Thanks! And I totally agree. I read that quote from her and my heart just broke.
This society is created choice as the ultimate good. I have had conversations lately that make me think women in particular have trouble with things that are not labeled wrong. If it isn't inherently wrong then we must have to offer it as a choice. So women feel like they have to offer themselves as porn and then they call it being empowered. Because, after all, they offered.
It's also important for loved ones to understand that they are not burdens when they suffer and ultimately die. People fear they will cause suffering in their families and be burdensome. Family inherently possesses suffering and "burdens" (or responsibility). We don't love and support each other because it is easy or always joyful. We will all die, and we can choose to avoid closeness and prefer distance out of the fear of greater pain when we lose the ones we love. Or we can choose to be a family and accept that suffering and burdens are part of love. Families need to reassure relatives that they will never wish them away early, that they will never be unworthy burdens, and that there is always value in the suffering, especially when suffered together.
This is a really great point. We are so used to CONVENIENCE. We need to let the people we love know that it's okay with us to be inconvenienced for them.

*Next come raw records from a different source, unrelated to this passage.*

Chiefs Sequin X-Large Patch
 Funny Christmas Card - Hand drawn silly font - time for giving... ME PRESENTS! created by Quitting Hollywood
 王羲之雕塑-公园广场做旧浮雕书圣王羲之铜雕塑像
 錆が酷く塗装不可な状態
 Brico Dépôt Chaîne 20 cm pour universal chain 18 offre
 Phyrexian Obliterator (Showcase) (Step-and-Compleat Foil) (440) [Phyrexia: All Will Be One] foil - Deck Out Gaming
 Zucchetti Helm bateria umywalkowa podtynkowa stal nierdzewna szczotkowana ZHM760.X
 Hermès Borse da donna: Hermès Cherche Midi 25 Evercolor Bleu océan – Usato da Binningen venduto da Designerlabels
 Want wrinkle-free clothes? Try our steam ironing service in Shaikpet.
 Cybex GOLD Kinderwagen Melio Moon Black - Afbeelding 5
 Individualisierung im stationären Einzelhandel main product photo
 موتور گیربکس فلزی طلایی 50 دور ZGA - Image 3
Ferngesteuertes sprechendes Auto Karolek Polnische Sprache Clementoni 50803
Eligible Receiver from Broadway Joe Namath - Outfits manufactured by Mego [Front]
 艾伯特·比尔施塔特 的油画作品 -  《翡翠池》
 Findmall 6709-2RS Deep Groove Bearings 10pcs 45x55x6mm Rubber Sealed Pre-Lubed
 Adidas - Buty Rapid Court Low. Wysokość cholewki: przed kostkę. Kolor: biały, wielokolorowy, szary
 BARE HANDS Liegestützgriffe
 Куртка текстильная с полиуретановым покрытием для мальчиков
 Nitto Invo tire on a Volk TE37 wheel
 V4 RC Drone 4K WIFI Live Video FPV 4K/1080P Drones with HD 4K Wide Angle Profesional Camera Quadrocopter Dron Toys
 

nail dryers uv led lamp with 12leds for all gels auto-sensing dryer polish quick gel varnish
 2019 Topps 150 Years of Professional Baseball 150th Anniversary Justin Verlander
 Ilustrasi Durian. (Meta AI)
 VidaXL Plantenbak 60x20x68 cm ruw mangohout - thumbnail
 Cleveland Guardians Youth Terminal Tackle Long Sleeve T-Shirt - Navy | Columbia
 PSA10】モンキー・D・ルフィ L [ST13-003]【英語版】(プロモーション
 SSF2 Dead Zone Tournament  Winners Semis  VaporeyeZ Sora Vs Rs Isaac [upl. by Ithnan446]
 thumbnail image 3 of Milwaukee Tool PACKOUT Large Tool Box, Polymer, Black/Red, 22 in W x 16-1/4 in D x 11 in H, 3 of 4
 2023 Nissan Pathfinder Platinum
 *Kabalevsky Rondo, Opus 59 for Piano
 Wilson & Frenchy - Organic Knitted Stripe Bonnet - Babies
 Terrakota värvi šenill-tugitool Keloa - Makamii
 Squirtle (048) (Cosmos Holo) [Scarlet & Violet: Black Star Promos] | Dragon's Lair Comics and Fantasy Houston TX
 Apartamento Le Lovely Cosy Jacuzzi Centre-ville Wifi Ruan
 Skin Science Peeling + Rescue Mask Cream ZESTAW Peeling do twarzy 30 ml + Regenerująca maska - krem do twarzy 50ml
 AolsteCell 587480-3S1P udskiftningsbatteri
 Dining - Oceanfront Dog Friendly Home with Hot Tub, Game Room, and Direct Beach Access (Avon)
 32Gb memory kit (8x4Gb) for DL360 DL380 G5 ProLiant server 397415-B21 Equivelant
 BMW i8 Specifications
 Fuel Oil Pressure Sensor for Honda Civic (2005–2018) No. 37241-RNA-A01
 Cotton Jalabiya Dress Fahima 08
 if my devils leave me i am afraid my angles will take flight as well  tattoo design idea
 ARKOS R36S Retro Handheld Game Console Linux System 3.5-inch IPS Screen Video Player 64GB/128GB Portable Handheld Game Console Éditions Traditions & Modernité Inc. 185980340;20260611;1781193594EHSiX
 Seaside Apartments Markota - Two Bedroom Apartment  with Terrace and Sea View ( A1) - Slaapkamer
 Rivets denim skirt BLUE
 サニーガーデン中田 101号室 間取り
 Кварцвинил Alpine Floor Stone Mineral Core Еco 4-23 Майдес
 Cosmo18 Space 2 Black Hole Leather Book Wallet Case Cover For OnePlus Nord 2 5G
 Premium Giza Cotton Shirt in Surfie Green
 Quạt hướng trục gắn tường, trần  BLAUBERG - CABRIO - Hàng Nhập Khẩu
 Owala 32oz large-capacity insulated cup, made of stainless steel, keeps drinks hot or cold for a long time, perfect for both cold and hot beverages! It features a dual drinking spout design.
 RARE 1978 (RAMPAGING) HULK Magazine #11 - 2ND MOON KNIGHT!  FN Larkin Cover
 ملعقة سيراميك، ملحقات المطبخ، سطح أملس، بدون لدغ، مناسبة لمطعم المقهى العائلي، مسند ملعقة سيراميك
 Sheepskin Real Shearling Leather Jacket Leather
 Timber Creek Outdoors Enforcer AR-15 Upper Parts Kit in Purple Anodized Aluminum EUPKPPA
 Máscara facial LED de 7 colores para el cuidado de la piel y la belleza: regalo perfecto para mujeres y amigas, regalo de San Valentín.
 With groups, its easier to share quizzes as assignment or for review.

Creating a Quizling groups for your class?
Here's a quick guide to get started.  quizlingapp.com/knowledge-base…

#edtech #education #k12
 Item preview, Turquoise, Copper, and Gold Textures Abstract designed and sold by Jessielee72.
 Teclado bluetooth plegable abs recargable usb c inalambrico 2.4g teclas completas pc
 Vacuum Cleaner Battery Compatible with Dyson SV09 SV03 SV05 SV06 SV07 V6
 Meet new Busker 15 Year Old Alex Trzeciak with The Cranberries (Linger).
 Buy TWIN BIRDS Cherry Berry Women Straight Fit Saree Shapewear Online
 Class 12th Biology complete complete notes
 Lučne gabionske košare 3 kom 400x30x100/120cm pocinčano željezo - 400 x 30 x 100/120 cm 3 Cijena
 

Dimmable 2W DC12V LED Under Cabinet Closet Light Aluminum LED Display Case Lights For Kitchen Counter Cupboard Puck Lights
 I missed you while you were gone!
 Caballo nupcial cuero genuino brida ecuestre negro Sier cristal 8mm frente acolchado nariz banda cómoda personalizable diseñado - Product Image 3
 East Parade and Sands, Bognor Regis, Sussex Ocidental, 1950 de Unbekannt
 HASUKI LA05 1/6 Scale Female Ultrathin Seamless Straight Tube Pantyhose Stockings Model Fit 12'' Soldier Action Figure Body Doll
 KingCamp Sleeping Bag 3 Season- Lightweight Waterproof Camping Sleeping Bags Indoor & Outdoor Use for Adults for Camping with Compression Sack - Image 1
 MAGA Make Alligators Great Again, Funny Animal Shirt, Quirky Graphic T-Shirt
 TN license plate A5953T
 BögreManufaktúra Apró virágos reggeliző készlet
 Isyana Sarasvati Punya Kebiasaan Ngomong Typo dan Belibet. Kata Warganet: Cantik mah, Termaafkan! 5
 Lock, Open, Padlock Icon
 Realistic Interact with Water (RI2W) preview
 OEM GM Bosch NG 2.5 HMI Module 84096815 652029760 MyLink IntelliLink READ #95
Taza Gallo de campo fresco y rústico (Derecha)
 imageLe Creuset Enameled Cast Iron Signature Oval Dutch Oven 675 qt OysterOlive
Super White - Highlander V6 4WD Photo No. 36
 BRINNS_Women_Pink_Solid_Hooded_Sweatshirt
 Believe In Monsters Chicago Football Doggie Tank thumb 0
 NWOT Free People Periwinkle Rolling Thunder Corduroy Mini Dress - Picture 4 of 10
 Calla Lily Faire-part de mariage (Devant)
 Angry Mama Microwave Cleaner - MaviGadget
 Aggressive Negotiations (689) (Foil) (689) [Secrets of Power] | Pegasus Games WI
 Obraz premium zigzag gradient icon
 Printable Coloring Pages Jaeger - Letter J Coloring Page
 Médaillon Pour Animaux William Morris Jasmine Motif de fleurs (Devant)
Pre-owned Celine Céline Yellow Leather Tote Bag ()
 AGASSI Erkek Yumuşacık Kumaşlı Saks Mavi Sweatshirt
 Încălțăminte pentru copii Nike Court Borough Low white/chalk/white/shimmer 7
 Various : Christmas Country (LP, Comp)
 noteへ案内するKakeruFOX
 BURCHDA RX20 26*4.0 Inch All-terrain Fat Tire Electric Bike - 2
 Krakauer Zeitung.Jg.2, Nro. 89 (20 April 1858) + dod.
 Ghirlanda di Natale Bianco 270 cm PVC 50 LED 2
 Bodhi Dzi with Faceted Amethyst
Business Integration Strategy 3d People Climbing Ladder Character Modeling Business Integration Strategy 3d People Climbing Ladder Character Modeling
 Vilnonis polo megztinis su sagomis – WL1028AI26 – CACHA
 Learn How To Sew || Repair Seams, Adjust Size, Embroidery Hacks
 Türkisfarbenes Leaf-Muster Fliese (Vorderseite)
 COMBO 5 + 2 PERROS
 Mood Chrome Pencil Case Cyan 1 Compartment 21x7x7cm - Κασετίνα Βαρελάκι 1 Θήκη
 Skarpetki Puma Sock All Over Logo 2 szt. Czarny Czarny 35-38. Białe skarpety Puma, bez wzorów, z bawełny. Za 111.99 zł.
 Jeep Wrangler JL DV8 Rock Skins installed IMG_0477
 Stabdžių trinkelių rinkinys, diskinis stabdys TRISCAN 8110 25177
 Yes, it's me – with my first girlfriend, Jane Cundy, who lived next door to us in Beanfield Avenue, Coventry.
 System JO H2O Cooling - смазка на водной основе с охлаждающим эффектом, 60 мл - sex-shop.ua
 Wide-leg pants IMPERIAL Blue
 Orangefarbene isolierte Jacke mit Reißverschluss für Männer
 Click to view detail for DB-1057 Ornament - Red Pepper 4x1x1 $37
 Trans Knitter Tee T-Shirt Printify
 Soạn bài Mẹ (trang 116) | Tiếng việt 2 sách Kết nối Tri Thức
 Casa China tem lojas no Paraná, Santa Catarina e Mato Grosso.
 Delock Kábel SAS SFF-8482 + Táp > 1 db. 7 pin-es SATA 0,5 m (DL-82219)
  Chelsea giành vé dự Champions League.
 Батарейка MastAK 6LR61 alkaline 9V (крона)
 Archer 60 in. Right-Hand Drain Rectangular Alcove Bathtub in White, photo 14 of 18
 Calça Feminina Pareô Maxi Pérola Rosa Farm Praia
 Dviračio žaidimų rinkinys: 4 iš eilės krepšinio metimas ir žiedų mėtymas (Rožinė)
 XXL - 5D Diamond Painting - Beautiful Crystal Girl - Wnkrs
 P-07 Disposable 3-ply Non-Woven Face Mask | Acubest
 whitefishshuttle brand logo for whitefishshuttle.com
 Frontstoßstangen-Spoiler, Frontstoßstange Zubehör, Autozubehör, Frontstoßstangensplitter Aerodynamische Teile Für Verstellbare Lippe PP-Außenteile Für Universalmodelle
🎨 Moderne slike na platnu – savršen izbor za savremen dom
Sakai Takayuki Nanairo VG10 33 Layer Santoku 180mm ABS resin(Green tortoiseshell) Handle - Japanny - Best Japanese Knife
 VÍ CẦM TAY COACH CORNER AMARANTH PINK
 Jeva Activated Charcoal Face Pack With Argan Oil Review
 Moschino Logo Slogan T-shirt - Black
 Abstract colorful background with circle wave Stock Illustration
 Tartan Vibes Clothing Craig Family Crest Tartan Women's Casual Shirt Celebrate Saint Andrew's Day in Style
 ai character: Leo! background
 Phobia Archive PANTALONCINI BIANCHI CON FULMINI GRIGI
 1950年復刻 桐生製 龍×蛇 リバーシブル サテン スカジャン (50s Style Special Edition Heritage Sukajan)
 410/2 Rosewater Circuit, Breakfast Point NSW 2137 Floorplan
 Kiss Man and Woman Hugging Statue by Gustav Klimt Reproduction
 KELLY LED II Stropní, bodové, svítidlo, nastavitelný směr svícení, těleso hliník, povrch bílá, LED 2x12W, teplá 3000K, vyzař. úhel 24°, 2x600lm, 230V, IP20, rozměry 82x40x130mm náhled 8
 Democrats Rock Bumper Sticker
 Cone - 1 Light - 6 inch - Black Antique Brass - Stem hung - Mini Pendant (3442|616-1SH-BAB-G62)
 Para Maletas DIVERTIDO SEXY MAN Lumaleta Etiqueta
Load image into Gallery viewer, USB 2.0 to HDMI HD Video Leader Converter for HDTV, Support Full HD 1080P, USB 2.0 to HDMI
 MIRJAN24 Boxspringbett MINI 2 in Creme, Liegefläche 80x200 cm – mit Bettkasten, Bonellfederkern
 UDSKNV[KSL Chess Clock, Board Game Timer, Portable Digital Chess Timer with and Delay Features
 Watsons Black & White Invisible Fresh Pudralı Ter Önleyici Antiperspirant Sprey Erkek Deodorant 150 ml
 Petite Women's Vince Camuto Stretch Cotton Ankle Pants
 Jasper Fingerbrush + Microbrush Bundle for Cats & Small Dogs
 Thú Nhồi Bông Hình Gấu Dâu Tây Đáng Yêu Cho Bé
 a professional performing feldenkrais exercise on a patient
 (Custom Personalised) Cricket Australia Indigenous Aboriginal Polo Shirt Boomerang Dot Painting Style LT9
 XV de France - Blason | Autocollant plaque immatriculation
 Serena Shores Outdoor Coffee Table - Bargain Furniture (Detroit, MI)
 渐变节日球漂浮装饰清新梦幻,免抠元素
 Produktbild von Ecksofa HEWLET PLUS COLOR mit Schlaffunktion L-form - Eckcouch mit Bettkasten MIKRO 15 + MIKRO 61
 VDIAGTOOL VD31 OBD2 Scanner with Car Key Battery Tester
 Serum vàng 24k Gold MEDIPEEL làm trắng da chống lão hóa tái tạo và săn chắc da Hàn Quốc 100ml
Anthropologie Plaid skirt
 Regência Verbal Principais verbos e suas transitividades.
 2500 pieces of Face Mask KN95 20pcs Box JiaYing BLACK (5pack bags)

Interesting juxtaposition of these two news stories. I hadn't really thought of them in this context, but you make some very interesting points. The story of Brittany is much sadder, for so many reasons. She should really be in our prayers!
Wow. This is just. . . excellent.
"That doesn't sound empowered, that sounds resigned." Yes.
(can almost apply to both scenarios…)
I've admired "JLaw" from a distance, but her recent comment about that whole thing made me sad for her. It really is a sad way of looking at a relationship. Why she should think that she needed to send those kind of photos to her boyfriend is a sign, really, of a not so good relationship in the first place.
And of Brittany……to make suicide ok by calling it a "choice?" All suicide is a choice. And they are all wrong. I hope someone can convince her to change her mind before it's too late. 🙁
Me too! I have read so many great stories about Jennifer Lawrence. She seems like a really lovely young woman. And, yes, there is still time for Brittany to change her mind. I pray she will!